Subject: Re: Placement of index and TOC?
From: al -dot- geist -at- geistassociates -dot- com
To: "TECHWR-L" <techwr-l -at- lists -dot- techwr-l -dot- com>
Date: Fri, 19 May 2006 08:45:43 -0700 (PDT)

Donna Jones wrote:
> <<I finally find something in a magazine TOC and start digging through
> the pages only to find that none of the pages are numbered for 10 or 20
> pages on either side of the article. Or they have meaningless page
> numbers in the middle of the magazine--Advertisement page 1,
> Advertisement page 2--and I'm looking for page 119. Number the pages,
> people! And use consecutive numbers!>>
Geoff Hart replied:
> I remember asking a magazine publisher why they did this, and their
> answer was that the ads were provided as camera-ready copy (or
> print-ready PDF files nowadays) by the advertisers, and thus, given
> tight press deadlines, it wasn't possible for the desktop publisher to
> add the page numbers. The first part is true and acceptable; the latter
> part is probably nonsense.
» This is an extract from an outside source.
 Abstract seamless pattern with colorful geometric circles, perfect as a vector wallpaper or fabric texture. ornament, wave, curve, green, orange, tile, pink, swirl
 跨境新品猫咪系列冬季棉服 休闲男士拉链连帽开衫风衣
It's easy in most software to manually set
> the page numbers as a "top" layer that overprints (knocks out) even a
> full-page bleed, and not much harder to automate this with a bit of
> cleverness.
> I say "probably" because in some publishing setups, the advertisers and
> the publishers send separate files to the printer, who then merges
> them. In that case, there's not much the publisher can do about the
> problem because they have no idea where type will appear in the ads,
> and they can't risk offending an advertiser by ruining their ad design.
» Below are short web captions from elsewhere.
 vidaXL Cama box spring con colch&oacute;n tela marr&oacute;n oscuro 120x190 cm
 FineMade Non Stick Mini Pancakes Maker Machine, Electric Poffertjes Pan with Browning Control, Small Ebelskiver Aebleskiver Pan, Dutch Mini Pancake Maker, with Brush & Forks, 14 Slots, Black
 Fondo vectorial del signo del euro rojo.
> Well, they could adopt a sensible publishing schedule with advertising
> deadlines far in advance of sending the files to the printer, but (i)
> most publishers aren't nearly this organized and (ii) advertisers pay
> most of the publishing costs, and would resist this approach. The same
> problems ensure that most publishers can't simply say "your ads cannot
> intrude on the running header or footer of our design". It would solve
> the problem neatly, but piss off the advertisers.
Most publications have relatively strict publishing guidelines because
everything is so automated. Those sections numbered as "Advertisement"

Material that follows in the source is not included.